Prati di Tivo, scaduti i termini per le offerte sugli impianti

PIETRACAMELA. Tutto tace sulla vendita degli impianti sciistici di Prati di Tivo e Prato Selva. Ieri alle 13 è scaduto il termine entro il quale l’attuale gestore Marco Finori avrebbe potuto...
PIETRACAMELA. Tutto tace sulla vendita degli impianti sciistici di Prati di Tivo e Prato Selva. Ieri alle 13 è scaduto il termine entro il quale l’attuale gestore Marco Finori avrebbe potuto rilanciare alla Gran Sasso Teramano (Gst), la società pubblico - privata in liquidazione proprietaria delle attrezzature, un’offerta migliorativa per l’acquisto delle stesse rispetto a quella di un milione e 520mila euro presentata dalla ditta fratelli Persia di Tottea. Ma nulla è trapelato, solo bocche cucite da parte dei protagonisti della vicenda. C’è stato ancora un rilancio dell’imprenditore sambenedettese, che è stato il primo a proporre l’acquisto degli impianti alla Gst, o i Persia l’avrebbero spuntata? Al momento non c’è risposta.

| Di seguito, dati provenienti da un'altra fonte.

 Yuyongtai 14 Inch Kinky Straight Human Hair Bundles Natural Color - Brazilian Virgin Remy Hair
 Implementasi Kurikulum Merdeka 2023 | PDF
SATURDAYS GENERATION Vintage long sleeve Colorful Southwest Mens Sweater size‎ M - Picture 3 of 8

Quel che è certo è che mercoledì prossimo è stata convocata l’assemblea dei soci della Gst e ogni situazione che potrebbe aprirsi in merito alla questione dovrà essere discussa e ratificata in quella sede.

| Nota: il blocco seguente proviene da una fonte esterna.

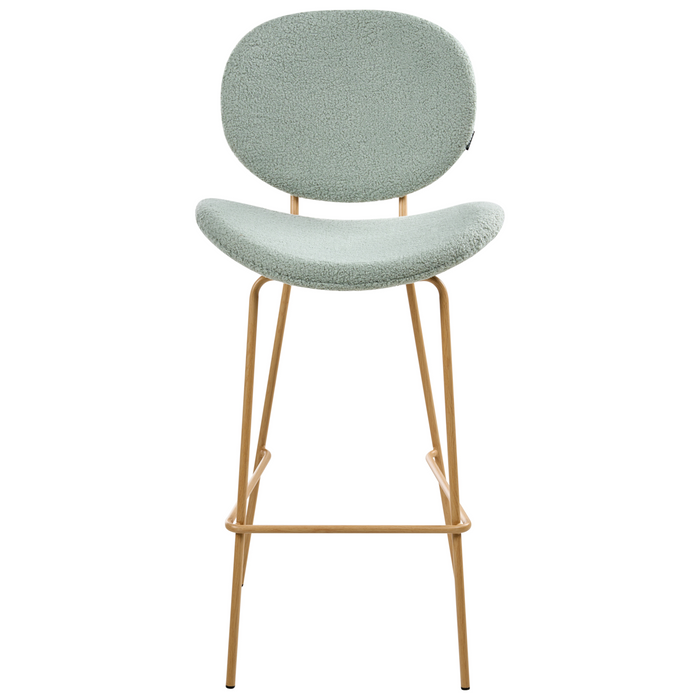 Beliani - LUANA - Barstoel set van 2 - Lichtgroen|Lichtbruin - Bouclé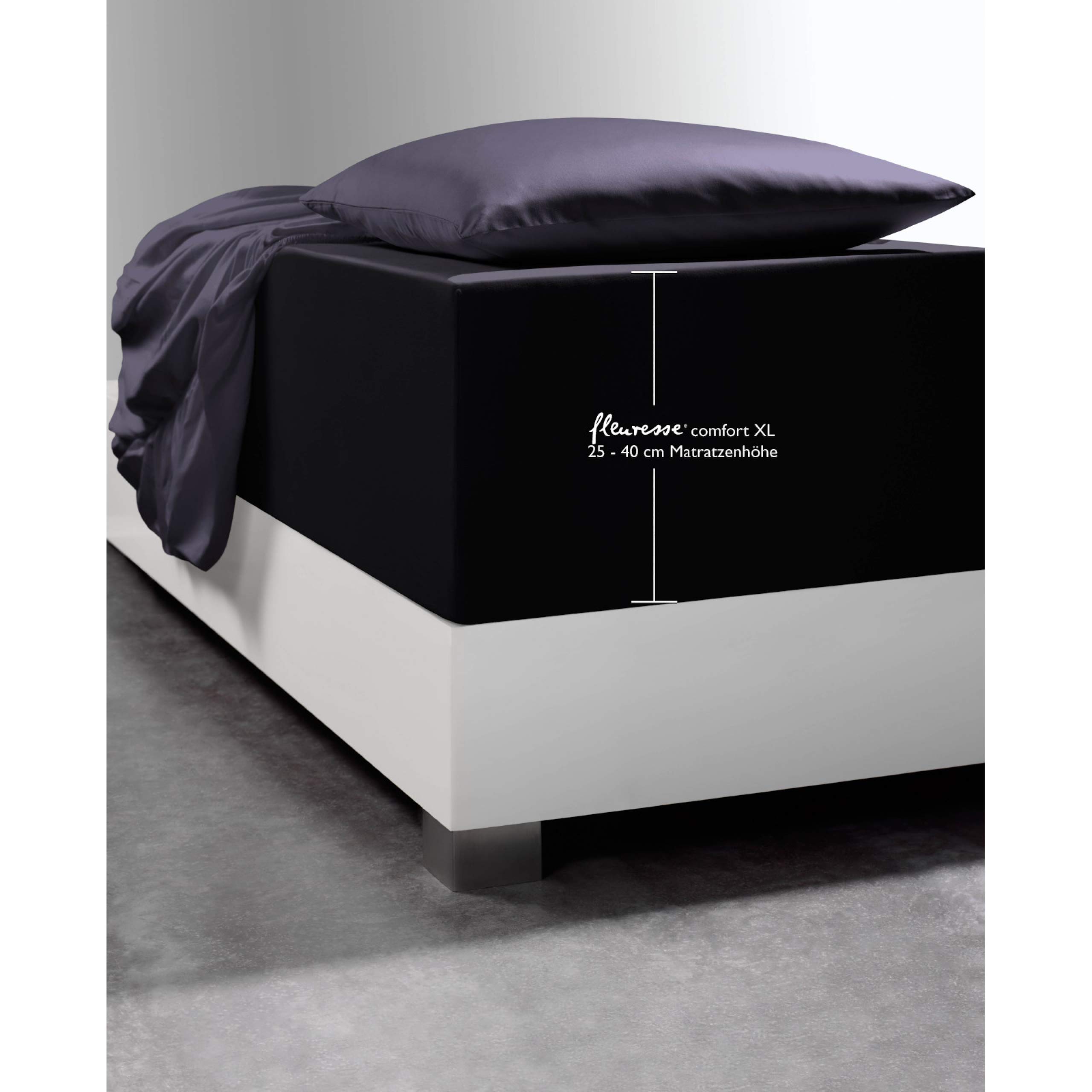 fleuresse 1119 Drap-Housse en Jersey Stretch XXL (96% Coton, 4% élasthanne), avec élastique Autour du Cou, certifié Ökotex 100, pour Matelas jusqu'à 40 cm de Hauteur, 140 x 190-160 x 220 cm, Noir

Intanto gli animi, soprattutto della politica, si accendono attorno al tema montagna teramana. Il futuro del comprensorio non preoccupa solo gli operatori del posto. Anche perché a fine giugno ancora non viene riattivata la cabinovia della Madonnina, la principale attrattiva per i turisti, e le presenze sono inferiori rispetto agli anni passati. Il nodo della concessione dei terreni dove insistono gli impianti ancora non si scioglie e tutto è arenato nei campi verdi all'ombra del "Gigante che dorme". Un cambio di marcia e una discontinuità vengono richiesti da più parti. Chissà se questa non sia la volta buona per aprire davvero un nuovo capitolo per la montagna teramana.(a.d.f.)